Did the Respondent commit a prohibited practice by refusing to "meet and confer" with the Complainant?

The Complainant asserts that the Respondent engaged in a prohibited practice by refusing to meet with him since it interfered with his Sec. 111.70(2) rights. Respondent denies that it has committed a prohibited practice.

Sec. 111.70(3)(a)1, Stats., provides it is a prohibited practice for a municipal employer:

To interfere with, restrain or coerce municipal employees in the exercise of their rights guaranteed in sub. (2).

Sec. 111.70(2), Stats., guarantees municipal employees the right:

to bargain collectively through representatives of their own choosing, and to engage in lawful, concerted activities for the purpose of collective bargaining or other mutual aid or protection, and such employees shall have the right to refrain from any and all such activities ...
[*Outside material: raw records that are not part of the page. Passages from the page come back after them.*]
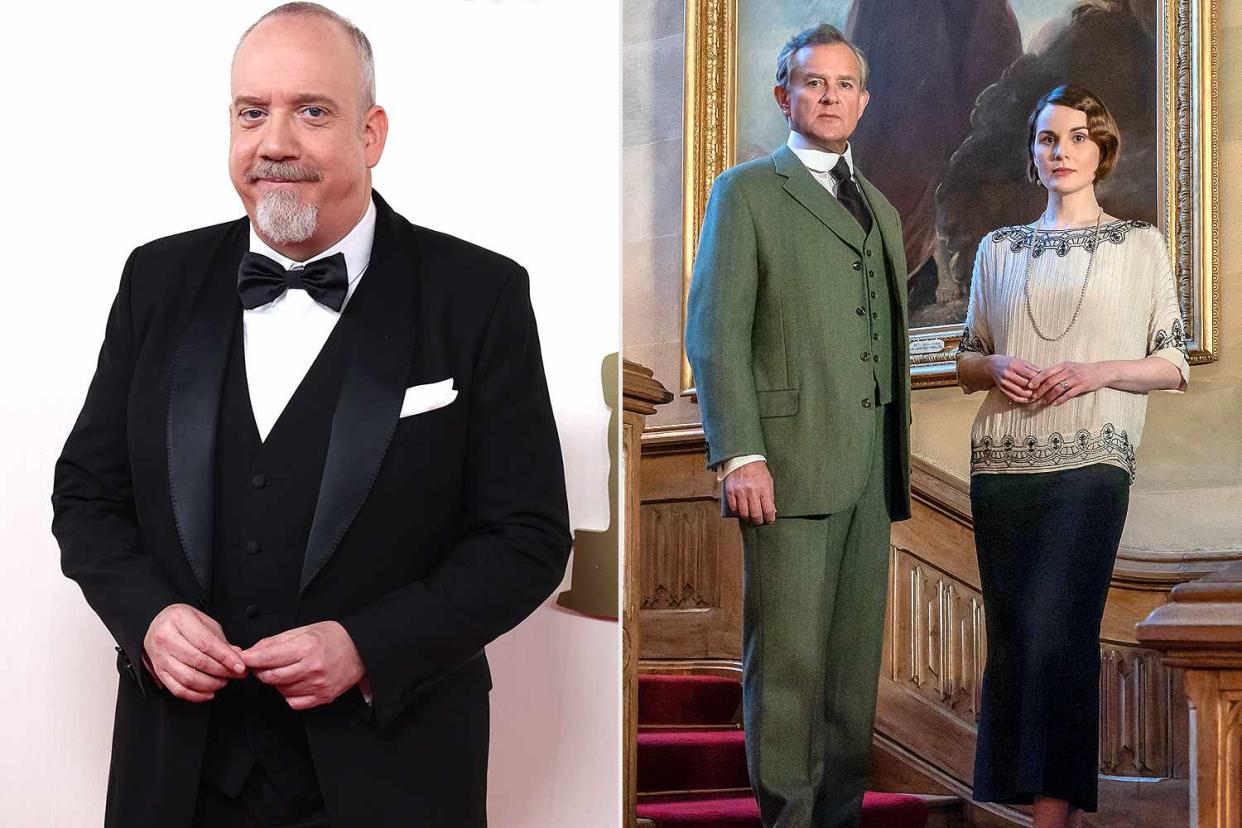 <p>Jason Armond / Los Angeles Times via Getty Images; Ben Blackall / 2021 Focus Features, LLC</p> Paul Giamatti (Left); <em>Downton Abbey</em> still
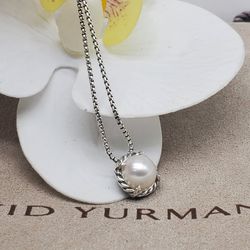 David Yurman Sterling Silver Chatelaine Pendant Necklace With Pearl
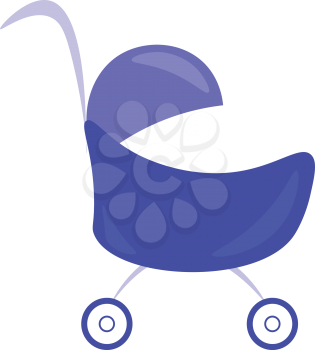 A blue baby carriage or cart for comfortable travelling vector color drawing or illustration 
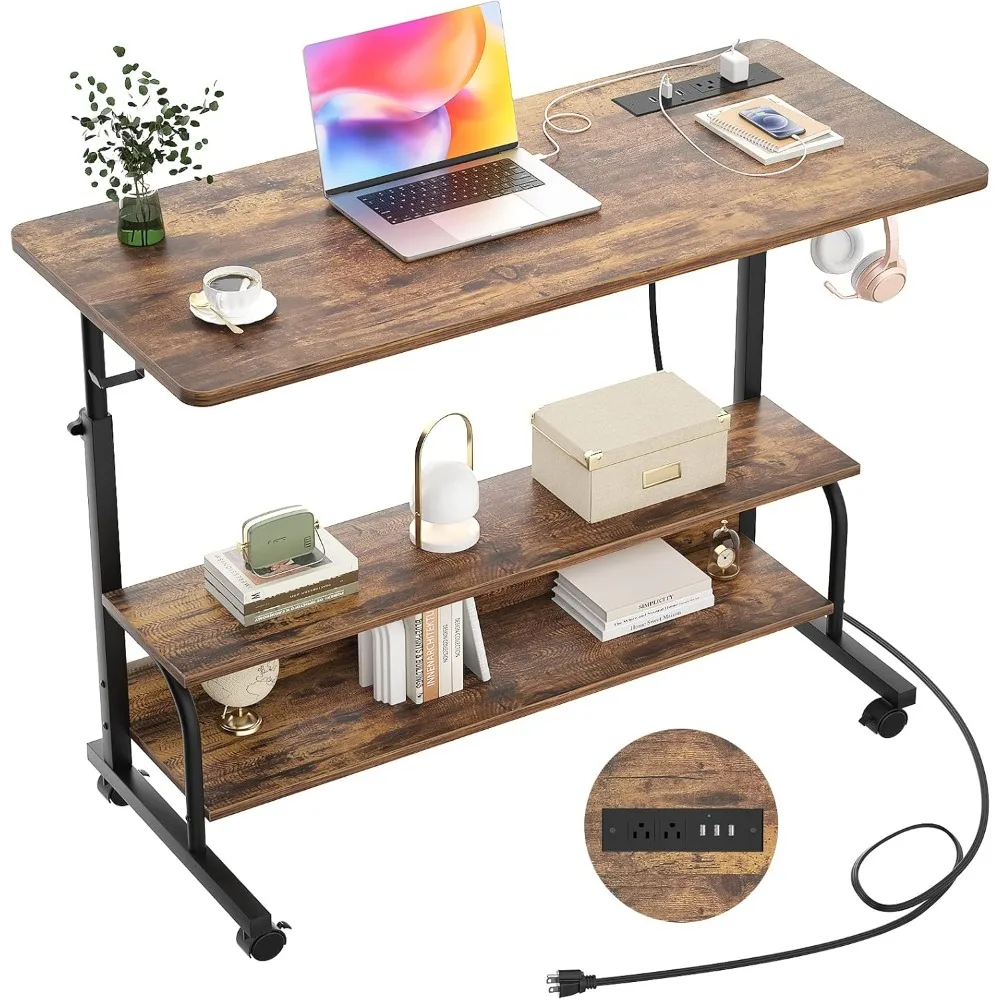 

Adjustable Standing Desk with Power Outlets, 39" Manual Stand Up Desk with Storage Shelves Small Mobile Rolling Computer Desk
Complainant sought a Sec. 111.70(4)(d)1 meeting with Toth and an MTEA representative, understanding that the SEIU representative had the right to be present. Respondent agreed to meet with the proviso that the SEIU representative was present. Had there been a grievance pending, Respondent would have been justified to require the presence of SEIU, Local 150. It is unlawful for the Respondent to condition Complainant's statutory grievance meeting on the presence of the majority representative since it is compelling the Complainant to engage in concerted activity. Respondent's refusal to afford Complainant his statutory grievance meeting interfered with, restrained and coerced the Complainant in the exercise of his right to refrain from engaging in lawful concerted activity in violation of Sec. 111.70(3)(a)1, Stats.

Dated at Madison, Wisconsin, this 1st day of September, 2004.